Pastor Gayle’s Reflections

January 2018

“In the same way that beginning a New Year with a clean slate and fresh hope motivates us toward change, finding a rhythm of rest in a busy world makes life radically different.” – Shelly Miller

As we welcome the New Year, we are reminded that God makes all things new. This is as much reassurance as it is challenge, for to “make things new” we must accept and strive for change. At this time of year, many people make resolutions to do better or be better. To give up bad habits and cultivate good ones. Some will succeed, but many will fail to achieve the goals they set, for any number of reasons.

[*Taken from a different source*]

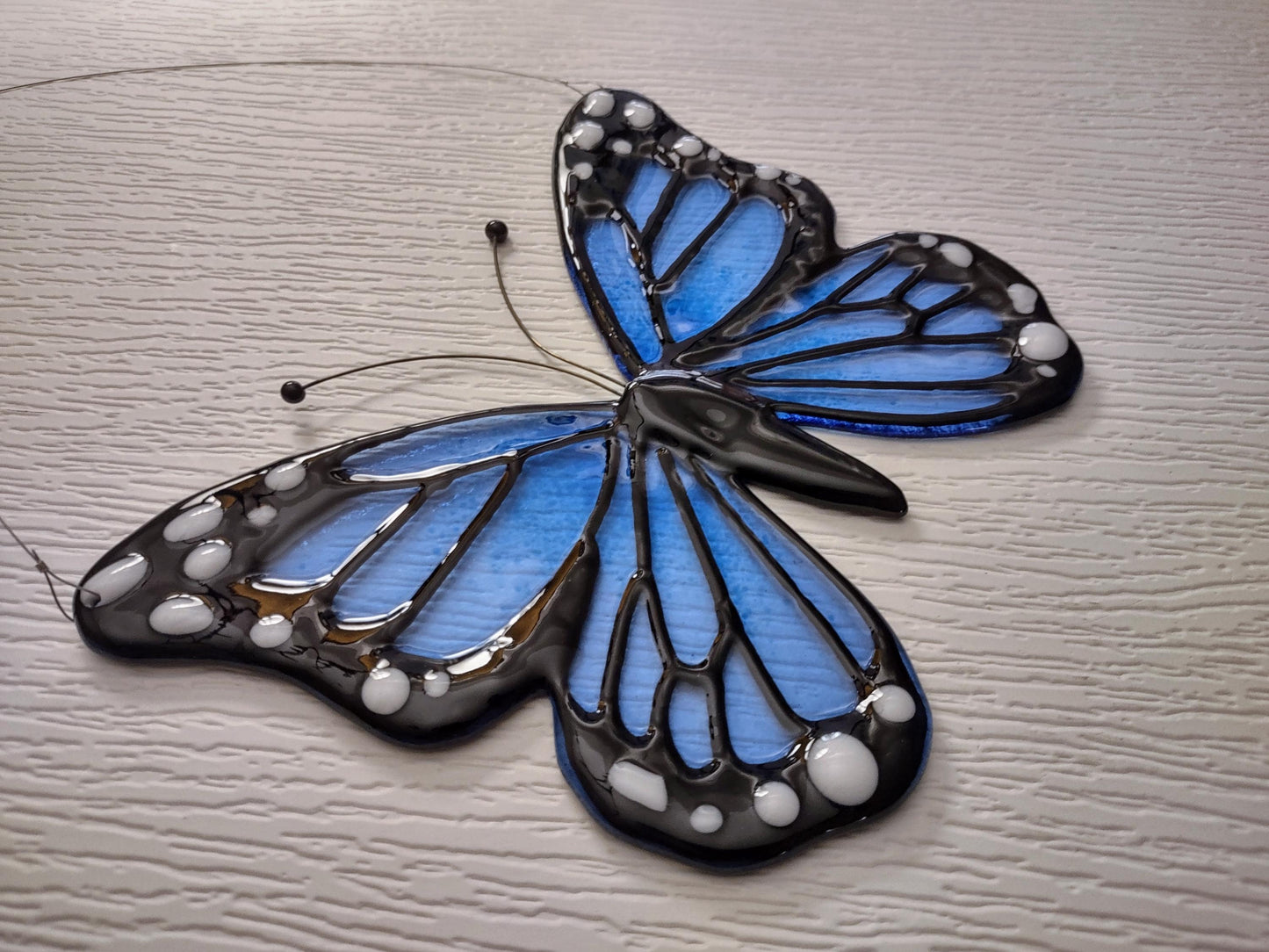 Blue Monarch Butterfly Suncatcher - Fused Glass Garden Art - Handmade Nature Gift Wall Decor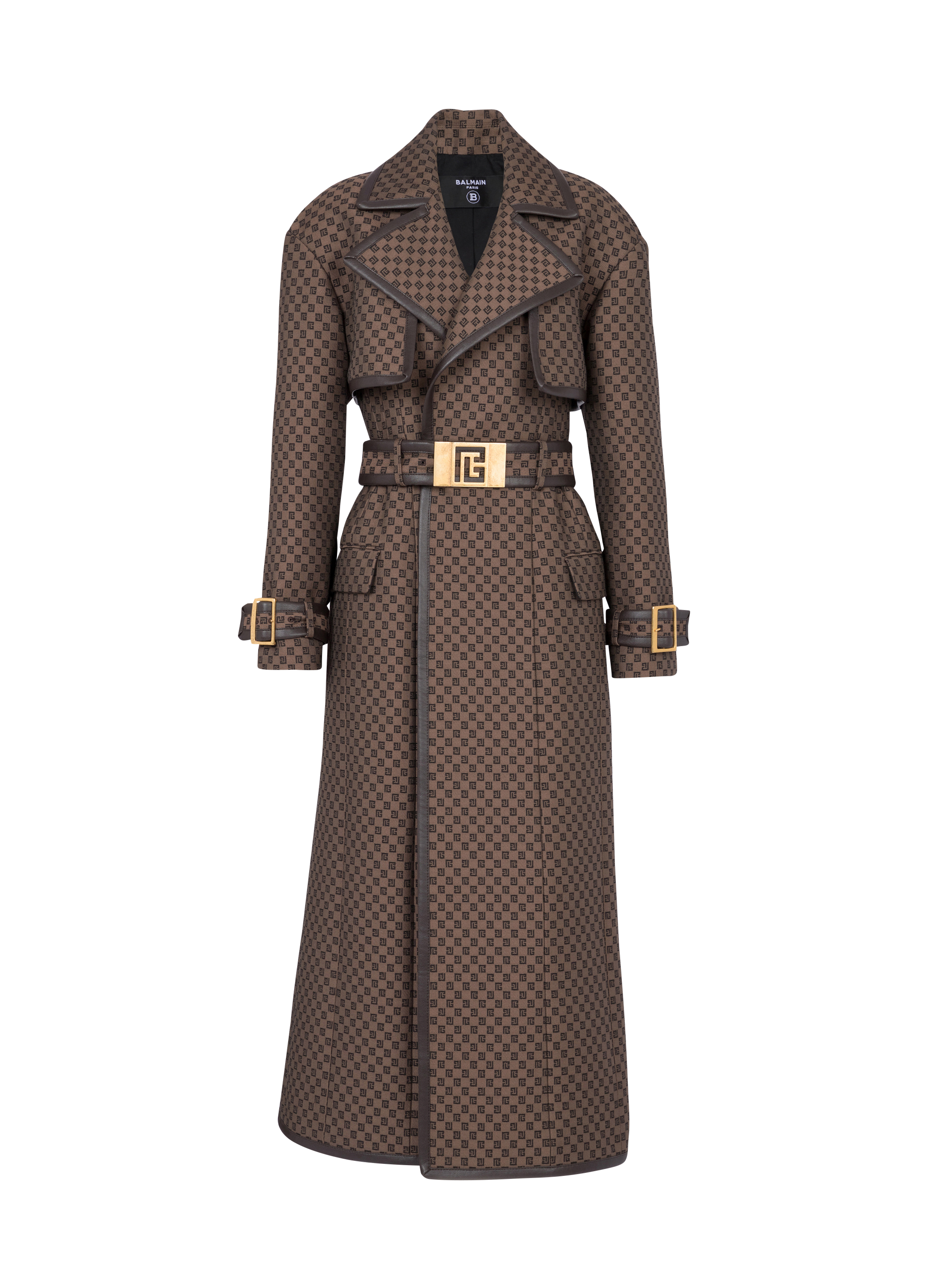 Mini monogram jacquard trench coat, brown, hi-res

Change is hard, especially when it calls for living counter-culturally. It’s difficult to eat healthy, when unhealthy food is so easily and inexpensively available, while healthier foods often take more time and money. It can be nearly impossible to save money for emergencies or the future when we are barely able to pay our monthly bills. And the messages of advertising, TV and movies, and social media throw temptation in our faces at every turn, not to mention informing us that whatever we have and however we are, right now, is not enough.

What if each of us resolved to find a “rhythm of rest”? In scripture, this is referred to as Sabbath keeping – the setting aside of a day when work is not done, and time is deliberately focused on our relationships with God and one another. In our society, any kind of rest is discouraged as lazy and worthless, despite countless studies showing the importance of rest for our physical, mental, emotional, and spiritual well-being. We are called on to add more and more to our schedules from an early age. This leaves us with little time for gathering as a worshipping body (focusing on our relationships with God and one another), let alone unscheduled time on our own to meditate, reflect on, or contemplate where God might be leading us. All of this leaves us tired, cranky, unhealthy, and in many cases, distant from God.

Would you like to work toward a life that is “radically different”? A life that is built around the counter-cultural values rest and Sabbath keeping? How might that change the way we interact with one another and with the world around us? How might that help us to “make things new” in our congregation and community? How might “rhythm[s] of rest” look and feel in this New Year?